I like emotional security. I need it in the same way we all do. But the idea that one cannot have emotional security without sexual stagnation is ridiculous. Security comes from within you – you as an individual and you as a couple. It doesn’t exist on its own, you have to build it. It’s a thing you can do, and work on, and continue to uphold. And that goes for monogamous relationships just as much as it goes for non-monogamous ones.
Then there’s the ‘stability’ argument. Monogamous pairs, we are told, provide a stable environment in which to raise children. Maybe but there are many different ways of creating a stable environment for children to grow up in and they don’t necessarily have to involve monogamy. That’s not to say it’s not a challenge but all parenting is. There is a whole chapter dedicated to the subject in Dossie Easton and Janet W. Hardy’s famous non-monogamy manifesto The Ethical Slut.
The key thing for children, other than all the obvious things like love and care, is consistency – why this should be presumed to be negatively affected by one or both of their parents having other lovers is beyond me. Furthermore, there are a great many so-called monogamous relationships that are deeply unstable for a variety of reasons. So the idea that promiscuity is synonymous with instability and irresponsibility seems to me to be verging quickly and dangerously onto the “moral highground”, as was evidenced today in this revolting piece by Steven Glover.

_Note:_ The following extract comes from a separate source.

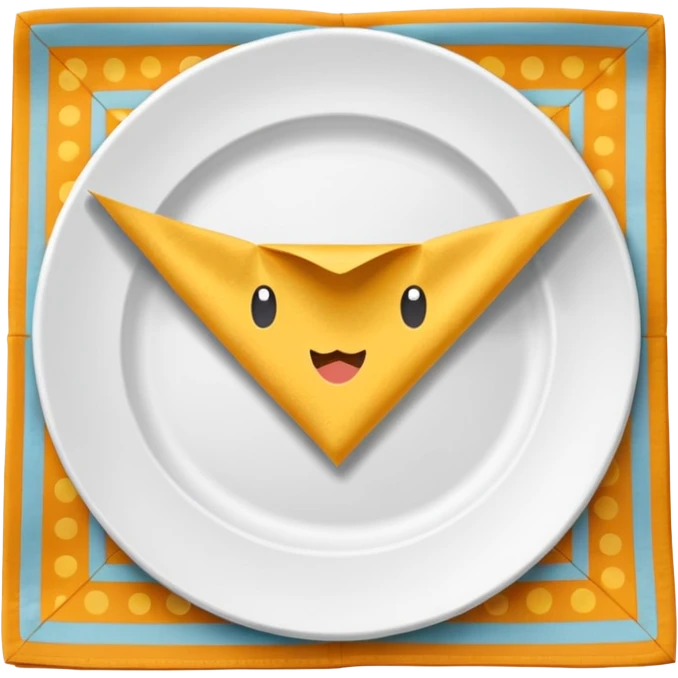 flapped patterned napkin emoji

It covers the recent ruling by a judge that a “story” about a male married-with-kids celebrity who had a threesome was not of sufficient public interest to be published by the Sun on Sunday.
“What is notable about the ruling,” he said, “is the near absence of much sense of traditional morality.
“There was no sense of the celebrity having offended against mores which, even in a largely secular society, are widely shared, and should be upheld.”
When I’ve finished screaming, let me simply say this: It is absolutely nobody else’s business what consensual sexual activity goes on between adults, married or otherwise. And while I welcome debate on and engagement with this subject I should like to make it known that I entirely reject the premise that other people’s ideas about “morality” and “mores” are in any way relevant to the way I choose to conduct my (entirely consensual, adult) relationships.
To me it would be immoral to live a lie. To pretend I was capable of something which I am not and to be untrue to myself and the people I love. I also believe that my disinterest in monogamy comes from an innate interest in the world and its inhabitants. It comes from the desire to connect and communicate which is one of the human race’s most positive forces for good. Variety IS the spice of life. It is what drives us forward and gives us something to look forward to, to aspire to. Human beings crave knowledge, we crave new experiences. We are a species built to explore and adapt and learn and create.
So no, I don’t believe in monogamy. But I do believe in healthy, honest, communicative relationships with the people you share your life with. Where does that leave me? Pretty happy and fulfilled, actually.